Teachers of all age groups have the potential power to facilitate growth mindsets in our children, but they need significant investment in their working conditions and professional development to have the capacity to do so.

Thirdly – and in TOP’s opinion, most importantly – we need to invest in the vulnerable participants in our education system, especially children living in poverty. Classrooms should be a true cross-section of society. This would ensure that the resources of richer parents are better shared around, that students learn from each other as well as their teachers, and that student role models can influence the self-belief and aspirations of other students. Students have a much better chance of keeping up with their peers if those peers are in the same class. In New Zealand, this would mean reducing school choice. 
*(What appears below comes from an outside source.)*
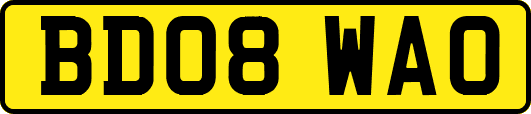 BD08WAO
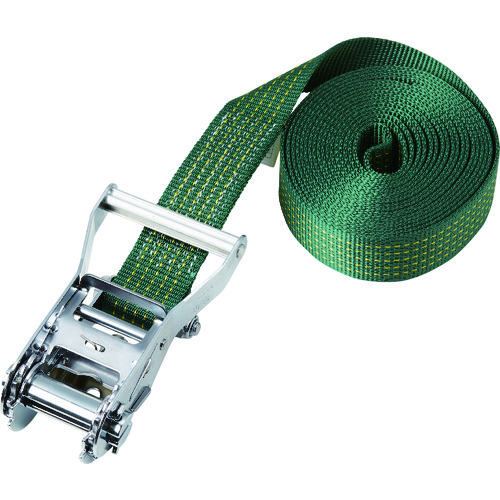 トラスコ中山 TRUSCO 強力型ベルト荷締機 50mm幅 1000kg エンドレスタイプ(ご注文単位1台)【直送品】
We would need to double our current decile funding to reduce disadvantage in our education system. New Zealand already spends more on schools with children from poor backgrounds than schools in affluent communities. However, the benefit of that extra resource is cancelled out by the magnitude of school donations in wealthier neighbourhoods. We need to continue the conversation sparked by the Tomorrow’s Schools review about how to make our education system more equitable.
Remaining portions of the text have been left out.